416 Background: Preliminary data support that B7H1 expression is associated with objective response (OR) to anti-PD-1 antibody treatment in multiple solid tumors. The aim of this study was to retrospectively evaluate a possible association between B7H1 expression and clinical response to sunitinib therapy in mRCC patients. Methods: mRCC patients receiving sunitinib therapy (50mg 4/2) were identified and data regarding patient characteristics and clinical outcome to sunitinib were recorded. Immunohistochemistry (IHC) staining of B7H1 was done on pretreatment formalin fixed paraffin embedded (FFPE) tissue sections according to available protocol at Hopkins. IHC scorings were done by 2 independent pathologists who were blinded to outcomes and a 3rd pathologist was used if there was a discrepancy between the first 2. Association of B7H1 expression with OR was assessed using Fisher’s exact test. Progression free survivals (PFS) were estimated using the Kaplan-Meier method and compared using log-rank test. Multivariate analyses were performed using logistic regression and Cox regression. Results: 20 cases were identified of which 18 had available FFPE for IHC analysis. 78% were male; median age was 55 (range 35-79); 72% ECOG PS of 0; 94% had prior nephrectomy; 89% were therapy naïve. 50% were intermediate risk category according to Heng criteria and the rest were poor risk. 55.6% (10/18) were positive for B7H1 expression (>5% positive cell membranous staining). 30% of B7H1 positive patients had OR whereas 50% of B7H1 negative patients had OR (p = 0.63).
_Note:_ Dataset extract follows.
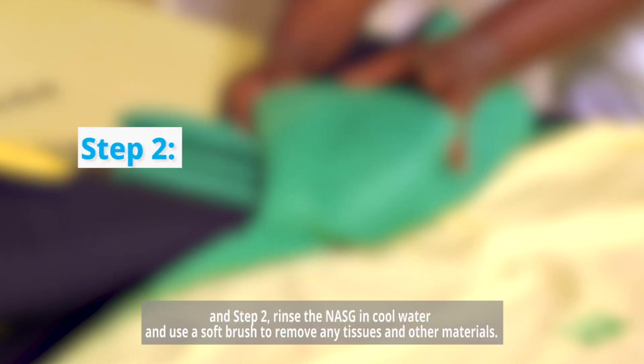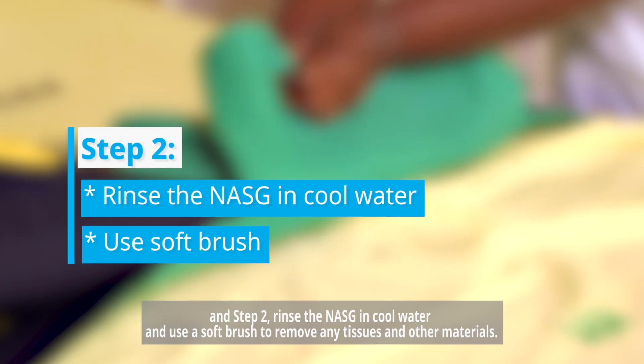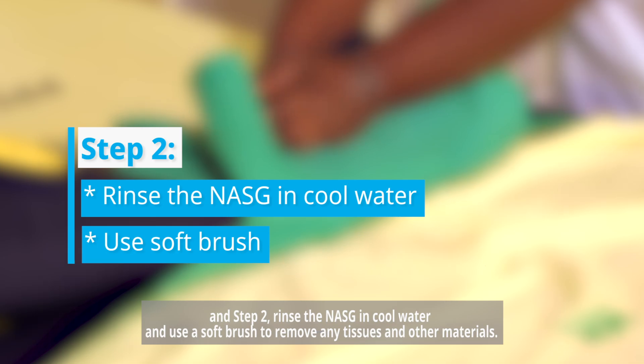Step number two: rinse the nasig in cool water and use a soft brush to remove any tissues and other materials.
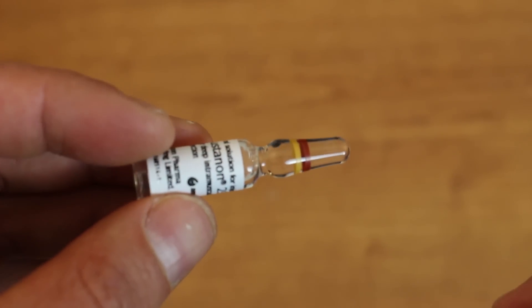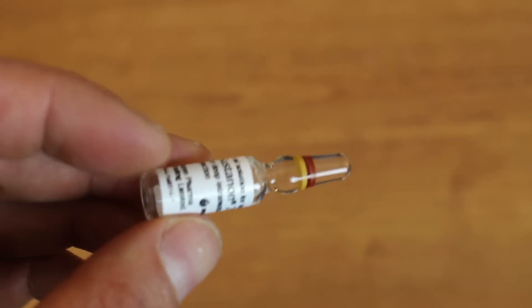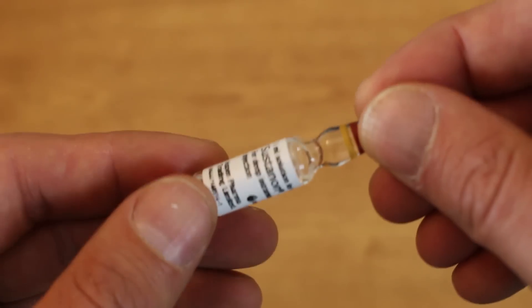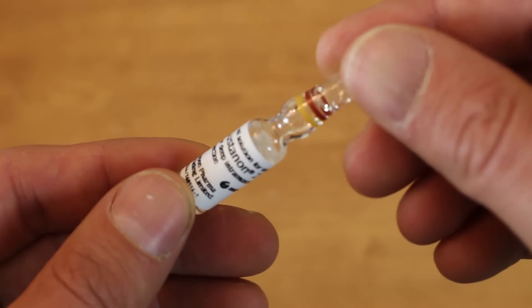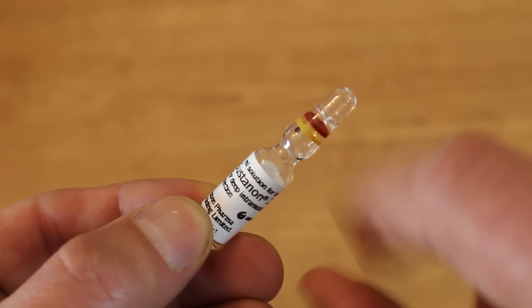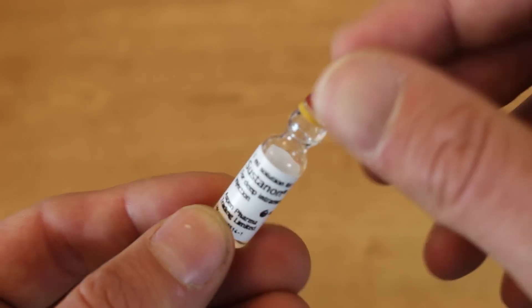Just a quick tip before we open the ampoule: make sure you get all the liquid from the top section into the bottom section. You can do this by turning it upright and just flicking it gently with your finger to make sure all that liquid gets down to the bottom section.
Median PFS were 19.3 and 6.2 mos for B7H1 negative and positive groups, respectively (p = 0.56). In multivariate models, B7H1 expression was neither associated with OR (odds ratio = 0.54, 95% CI = 0.07-4.23, p = 0.56) nor PFS (hazard ratio =1.06, 95% CI = 0.34-3.34, p = 0.92) after adjusting for Heng risk classification. Conclusions: In this study, B7H1 expression was not associated with clinical outcome to sunitinib therapy in metastatic RCC patients.